§ About this exercise
Reproduce exactly the lines from the one containing "Yellow gold Fancy" through the end of the listing, minus the pictures.

§ Information provided
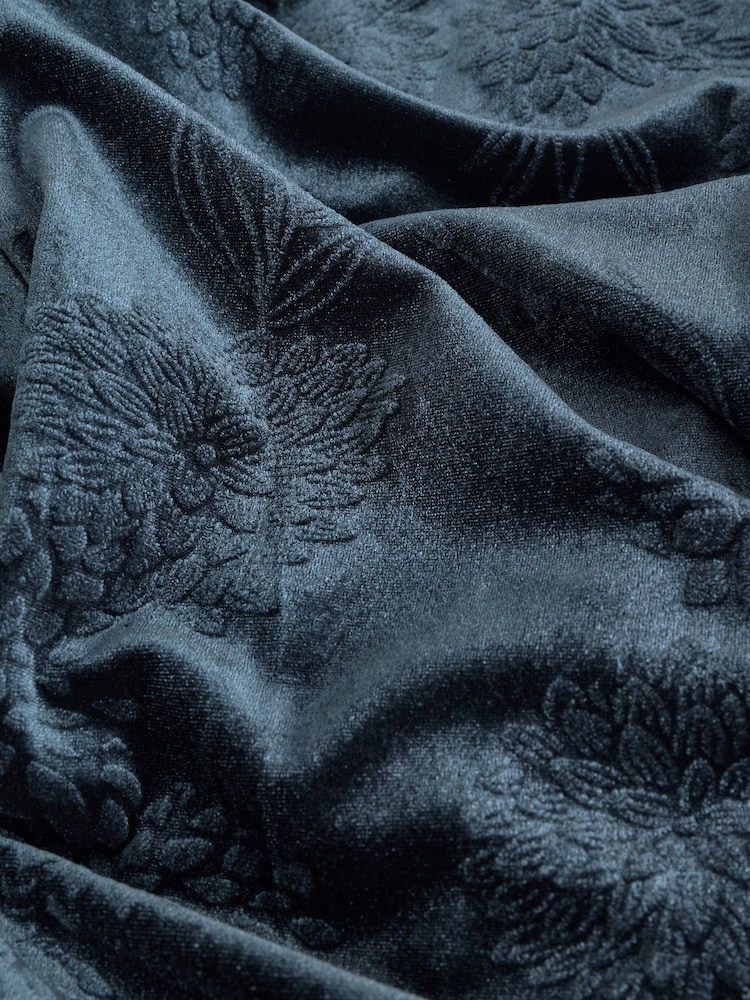 Navy Embossed Velvet Wide Leg Trousers - Image 9 of 9 Navy Embossed Velvet Wide Leg Trousers - Image 9 of 9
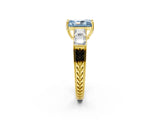 Yellow gold Fancy Blue Radiant Cut Solitaire Princess Side Stone Engraved Band Prong Setting Ring_2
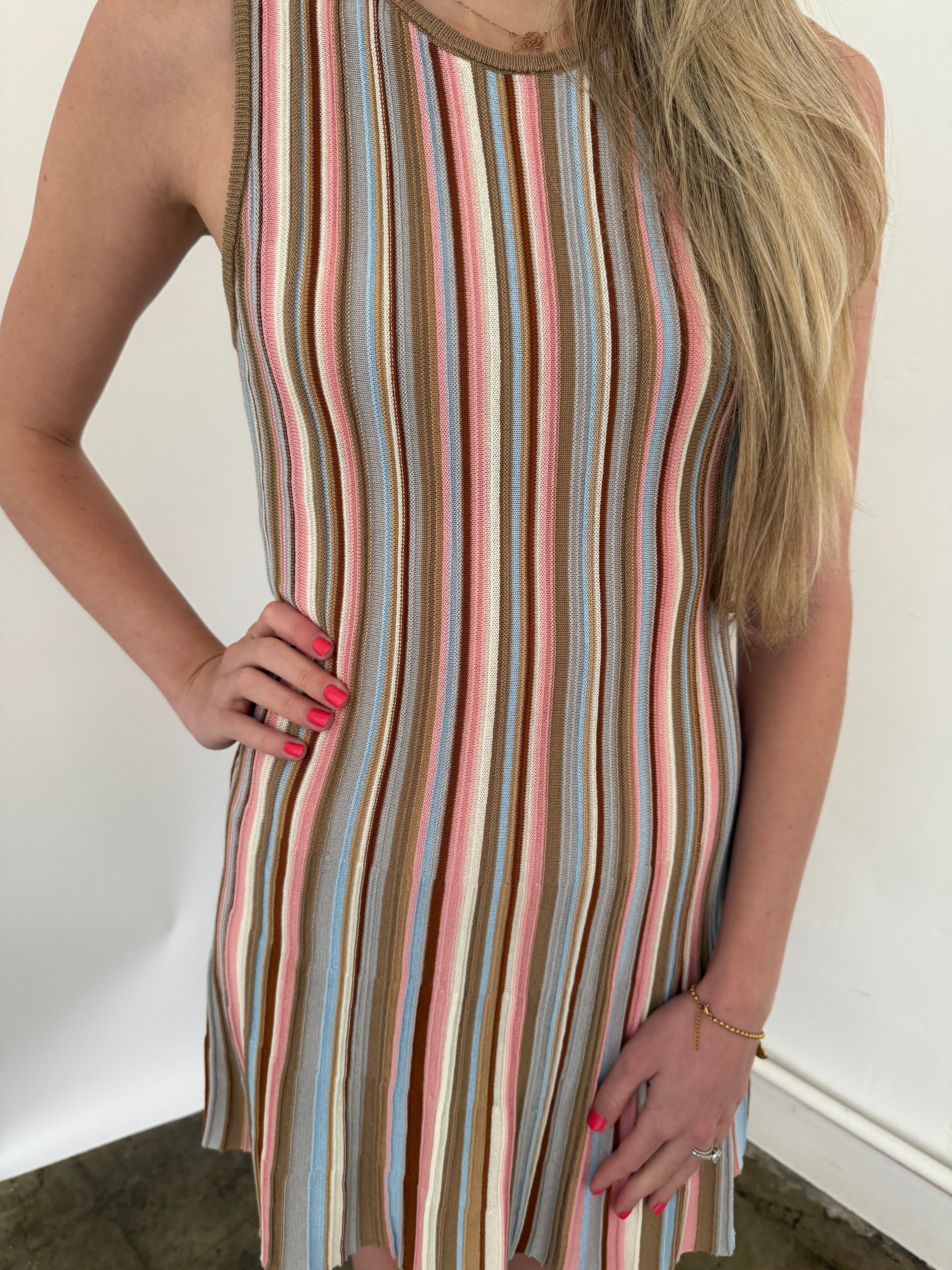 Lucy Paris Jade Blush Striped Fit Flare Mini Dress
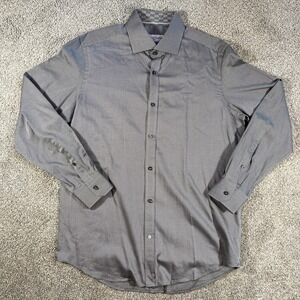 Robert Graham Dress Shirt 16 41 L Geometric Cuff Black Gray Button Front Cotton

§ Exercise output
 Yellow gold Fancy Blue Radiant Cut Solitaire Princess Side Stone Engraved Band Prong Setting Ring_2
 Lucy Paris Jade Blush Striped Fit Flare Mini Dress
 Robert Graham Dress Shirt 16 41 L Geometric Cuff Black Gray Button Front Cotton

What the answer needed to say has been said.